Solicitors Regulation Authority

Solicitors Regulation Authority – recent round table discussion. An overview by Martin Langan…

The Solicitors Regulation Authority (SRA) regulate solicitors and law firms across England and Wales.

This group discussion on 16 January 2020 was to consider the SRA priorities over the next few years, alongside their corporate strategy. Along with a sharp focus on high professional standards, they are looking at doing more to work with others to address complex, cross-sector problems of consumer protection.

Building on the work of the Legal Access Challenge, SRA are particularly interested in the development of legal technology that can offer accessible and affordable help for the many people who can’t currently find what they need.
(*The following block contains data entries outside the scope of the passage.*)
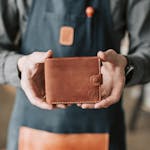 A Person Holding a Leather Wallet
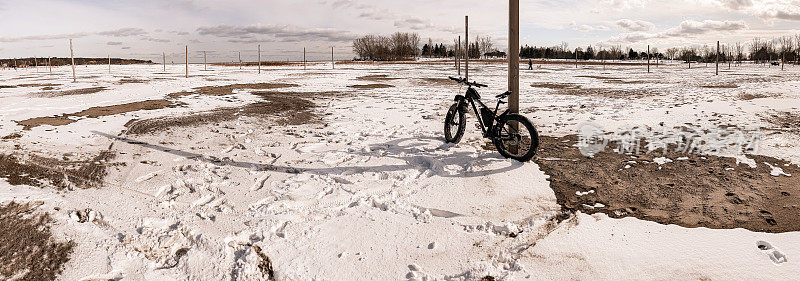 冬天在湖边的沙滩上骑着胖自行车。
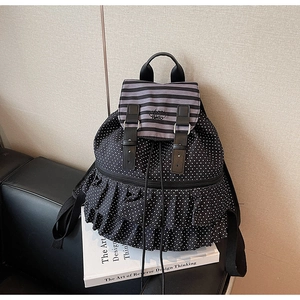 Detail of ruffle layers and Hello embroidery on striped polka dot backpack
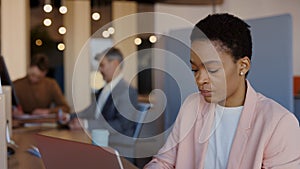 Young black businesswoman with laptop computer and papers working at cozy office. She feeling serious and typing at the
This is one of the key issues they are grappling with as they develop their strategy. As a Challenge applicant, interested in the issue of the access to justice, Martin Langan, CEO of Legal Workfow, was invited to take part as they felt sure he would have particular insights in this area.

Martin reports back:

“I attended the SRA round table event by invitation.  It was good to see the SRA taking this initiative and the debate was lively over the full two hours.  I suggested that as the SRA consultation includes reference to working with government regarding digital services, I would hope that a plea is made that government departments involved with our system of law and justice stop working in technological silos.  For example, the Probate Registry Online Probate Pilot has given no indication that there will be an API.  This means that law firms that invest in technology that we and others provide to automate processes and drive down costs are negated when the lawyer then has to log onto Probate online and enter data manually.  Great for the Registry, not so good for lawyers and their clients.

“I liked one contributor’s comment that good technology should be regarded by the SRA as part of the high standards that it is charged to ensure and that it should therefore lobby government for better funding of software development.  The government has slashed legal aid over many years and wrings its hands over access to justice, leaving it to the market to fill the gap.  In my opinion, good online services should be viewed as a form of legal aid (not the sole answer but part of it) and the government should be creative about supporting those who are trying to make this happen.

“Software development is an expensive business and the most innovative ideas tend to come from small companies, who are agile and keen to develop great products and could do with some support.”